Obama has been railing against alleged "torture" of terrorist detainees since early in the presidential campaign. He has endlessly apologized for American "imperialism," even going so far as to castigate our policy toward Iran of more than three decades ago, but giving that mullah-run state a pass for its egregiously hostile policies and behavior toward us.
Recommended
On top of this, Obama is closing Gitmo with no plan to relocate the dangerous prisoners; he has directed that many of these terrorists be tried in civilian courts; he's abandoned the term "war on terror" in favor of "overseas contingency operations"; his administration has ordered that captured terrorists be Mirandized on the battlefield; and he's now going to further weaken the CIA by reassigning terrorist interrogation duties to an interagency entity operated out of the White House.

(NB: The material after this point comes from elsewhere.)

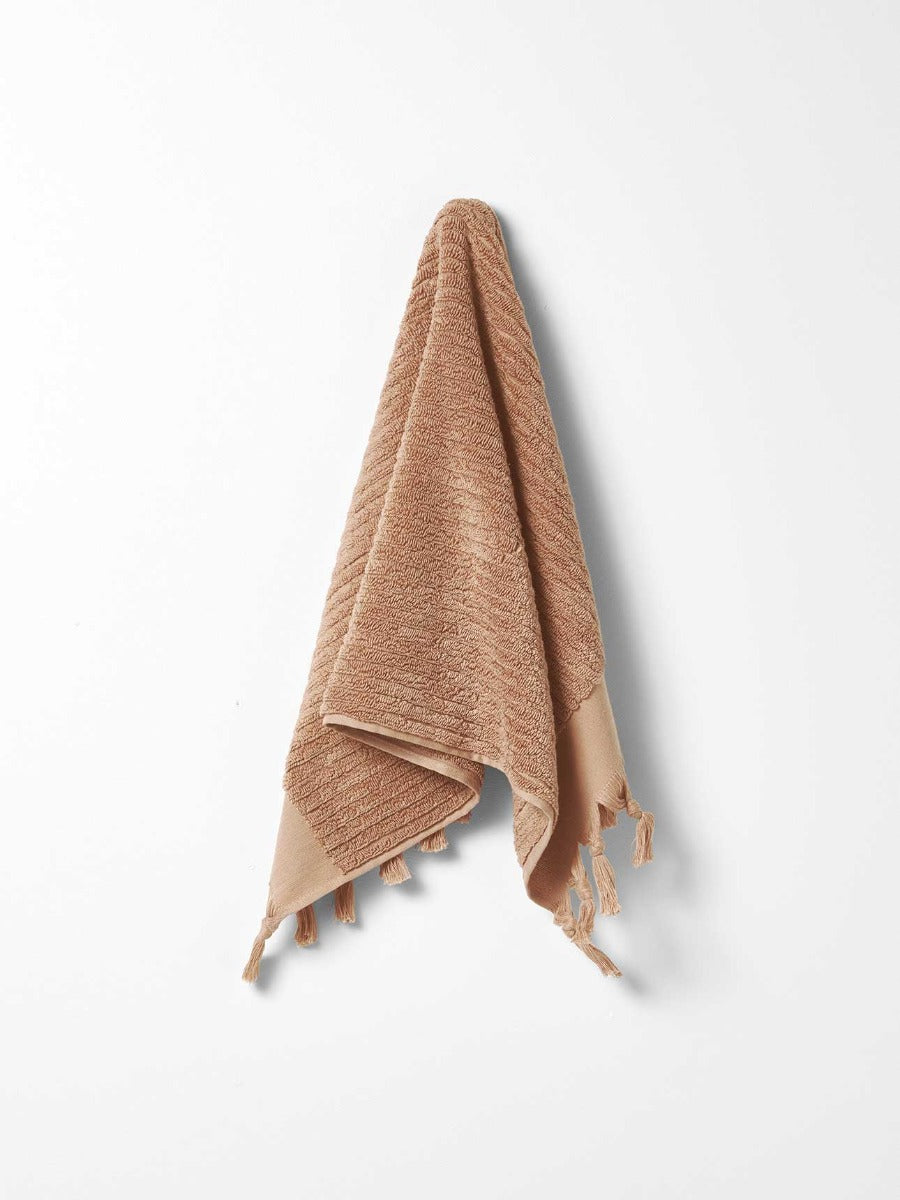Paros Rib Hand Towel in Clay
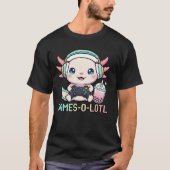 Cute Gamer Axolotl with Boba Art T-Shirt (Vorderseite)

What more evidence do we need that this decision is Obama's handiwork?
"Heavens, no," say his defenders. "Obama is to be commended for distancing himself from the Department of Justice, which has finally achieved some independence, unlike during the Bush years." Eric Holder, they say, is being guided by the law, not politics, and Obama is choosing not to intervene, despite his earlier promise that he would "look forward and not backward" with regard to the CIA torture issues.
Nice try, but Obama chose Holder precisely because he shares Obama's worldview. Obama might feign detachment from this decision, but the American people aren't nearly as gullible as he thinks, as witnessed by their informed vocal opposition to his Obamacare scheme.
To suggest that Eric Holder is not a political animal is laughable. Just consider, among the litany, his instrumental role in the pardoning of Marc Rich, his decision to dismiss an already-won case against New Black Panther Party members for voter intimidation activities, and his decision to get a second opinion from the Office of Legal Counsel on his own Justice Department's apolitical decision that granting voters in the District of Columbia a voting representative in the House would be unconstitutional.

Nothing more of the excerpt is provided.